Departments of Radiation Oncology and Neurological Surgery, Biomedical Sciences Graduate Program, University of California, San Francisco, CA, USA; Medical Scientist Training Program, University of California, San Francisco, CA, USA.
Departments of Radiation Oncology and Neurological Surgery, Biomedical Sciences Graduate Program, University of California, San Francisco, CA, USA.
Biochem Pharmacol. 2022 Feb;196:114647. doi: 10.1016/j.bcp.2021.114647. Epub 2021 Jun 7.
The Hedgehog (Hh) family of lipid-modified signaling proteins directs embryonic tissue patterning and postembryonic tissue homeostasis, and dysregulated Hh signaling drives familial and sporadic cancers. Hh ligands bind to and inhibit the tumor suppressor Patched and allow the oncoprotein Smoothened (SMO) to accumulate in cilia, which in turn activates the GLI family of transcription factors. Recent work has demonstrated that endogenous cholesterol and oxidized cholesterol derivatives (oxysterols) bind and modulate SMO activity. Here we discuss the myriad sterols that activate or inhibit the Hh pathway, with emphasis on endogenous 24(S),25-epoxycholesterol and 3β,5α-dihydroxycholest-7-en-6-one, and propose models of sterol regulation of SMO. Synthetic inhibitors of SMO have long been the focus of drug development efforts. Here, we discuss the possible utility of steroidal SMO ligands or inhibitors of enzymes involved in sterol metabolism as cancer therapeutics.

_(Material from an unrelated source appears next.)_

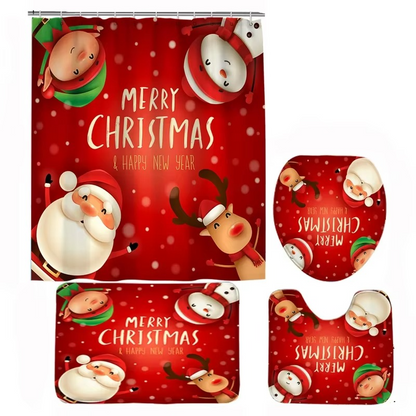 Festive Holiday Bath Set with Christmas Decor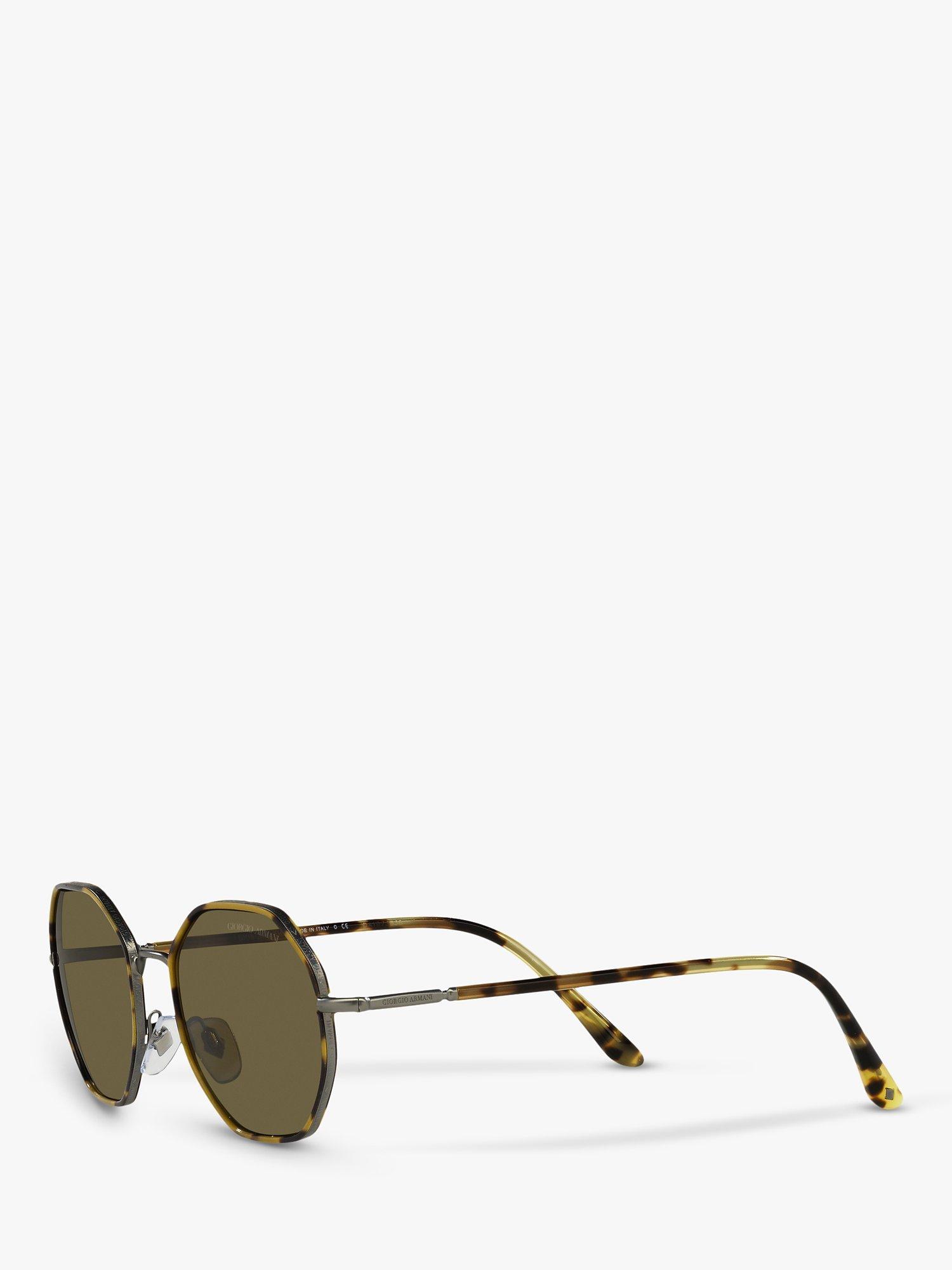 Product image 2 of 9, which shows Giorgio Armani AR6112J Men's Rectangular Sunglasses, Matte Gunmetal/Brown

刺猬 (Hh) 家族的脂修饰信号蛋白指导胚胎组织模式形成和胚胎后组织稳态,而失调的 Hh 信号驱动家族性和散发性癌症。Hh 配体与肿瘤抑制蛋白 Patched 结合并抑制其活性,从而允许癌蛋白 Smoothened (SMO) 在纤毛中积累,纤毛反过来激活 GLI 家族转录因子。最近的工作表明,内源性胆固醇和氧化胆固醇衍生物(氧化固醇)结合并调节 SMO 活性。在这里,我们讨论了激活或抑制 Hh 途径的众多甾醇,重点讨论内源性 24(S),25-环氧胆固醇和 3β,5α-二羟基胆甾-7-烯-6-酮,并提出 SMO 甾醇调节的模型。SMO 的合成抑制剂一直是药物开发努力的重点。在这里,我们讨论了甾体 SMO 配体或参与甾醇代谢的酶的抑制剂作为癌症治疗剂的可能用途。